### User-user collaborative filtering
User-user collaborative filteringUser-user collaborative filtering is a technique commonly used in recommendation systems. Here's an intuitive way to understand it:

Analogy: Friends' Recommendations
Imagine you're looking to watch a new movie. You ask your friends for suggestions. Each of your friends has a history of movies they've watched and enjoyed. You'd likely give more weight to recommendations from friends who have a similar taste in movies to yours.
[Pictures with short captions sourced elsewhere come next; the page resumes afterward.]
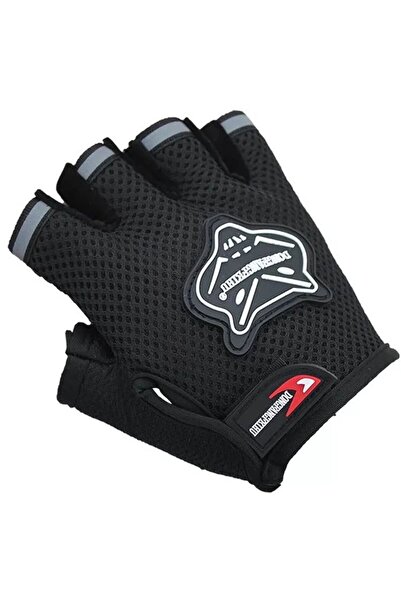 Choice5 black-Kids Kids Adult Half Finger Mesh Cycling Gloves Climbing Outdoo...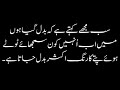 log muntazir hi rhy mujy toota hua dekhain/real life quotes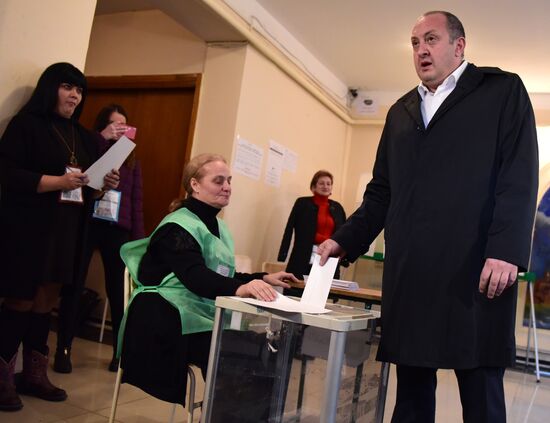 Parliamentary election run-off in Georgia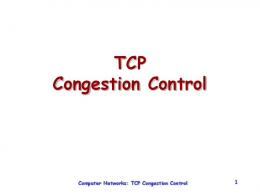 TCP Congestion Control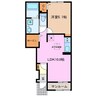 ソラティオ 1LDKの間取り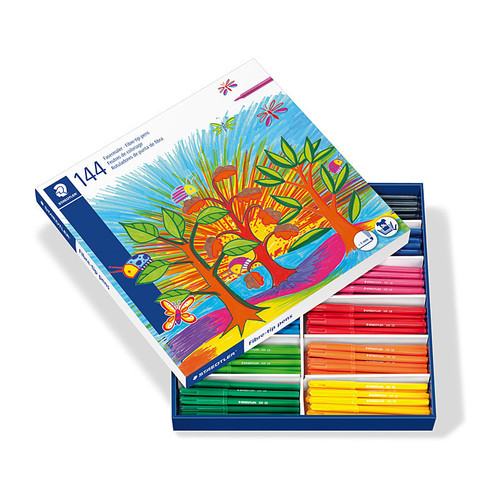 Staedtler Fibre Tip Pen Assorted Pack of 144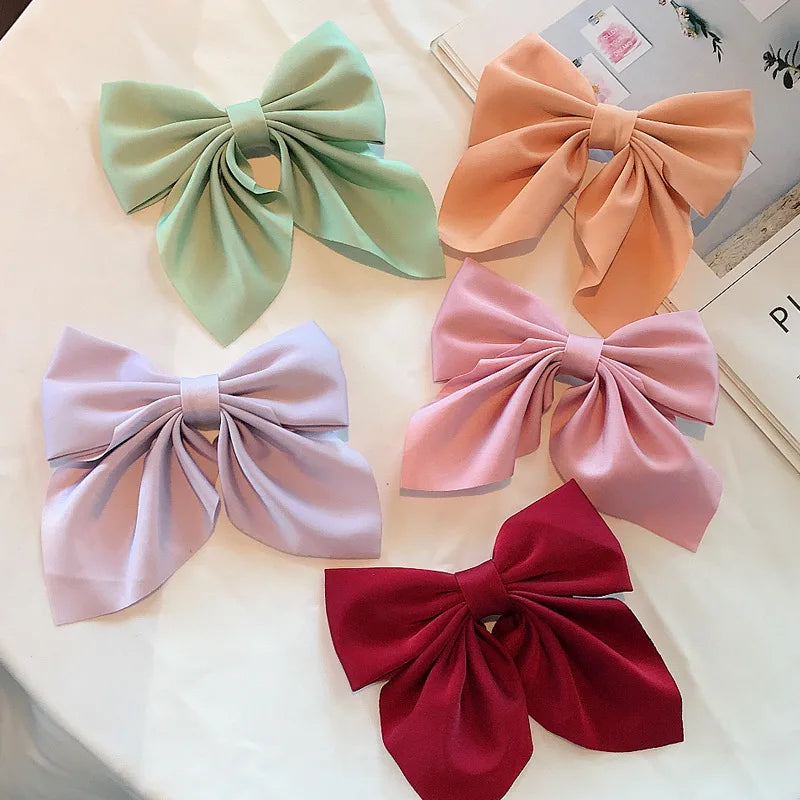 Rosalie Ribbon  Hair Bow Clip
For example, if both you and a friend loved "The Matrix" and "Inception," you'd probably be more inclined to watch other movies they recommend.

How User-User Collaborative Filtering Works
Similarity Calculation: The system first identifies users who are similar to the target user (you, in this case). This similarity is based on how similarly users have rated items (like movies, products, etc.). If two users have rated many items similarly, they are considered similar.

Rating Predictions: Once similar users are found, the system predicts the target user's interest in an item (a movie, for example) that they haven't yet rated or seen. This prediction is based on how the similar users have rated that item.

Recommendation Generation: The system then recommends items to the target user that have high predicted ratings, suggesting that the user will like these items based on the preferences of similar users.

Key Points
User Profiles: The system builds a profile for each user based on their past ratings or interactions.
Neighborhood Selection: It selects a "neighborhood" of users who have the most similar tastes to the target user.
Weighted Averages: The ratings from these similar users are often combined using a weighted average to predict the target user's preference for an unrated item.
Dynamic: The recommendations change as users' preferences evolve and as new users and new ratings are added to the system.
Limitations
Cold Start Problem: New users who haven't rated many items yet can be hard to match with similar users.
Scalability: As the number of users and items grows, finding the most similar users quickly becomes computationally expensive.
Diversity of Recommendations: Sometimes, the system might recommend very popular items repeatedly, leading to a lack of diversity in recommendations.
In essence, user-user collaborative filtering is like getting recommendations from a large, constantly evolving group of friends who share your tastes and preferences.

Let's create a basic example of user-user collaborative filtering using Python. We'll use a small dataset of users and their ratings for simplicity. The example will demonstrate how to calculate user similarity and then predict ratings for a user.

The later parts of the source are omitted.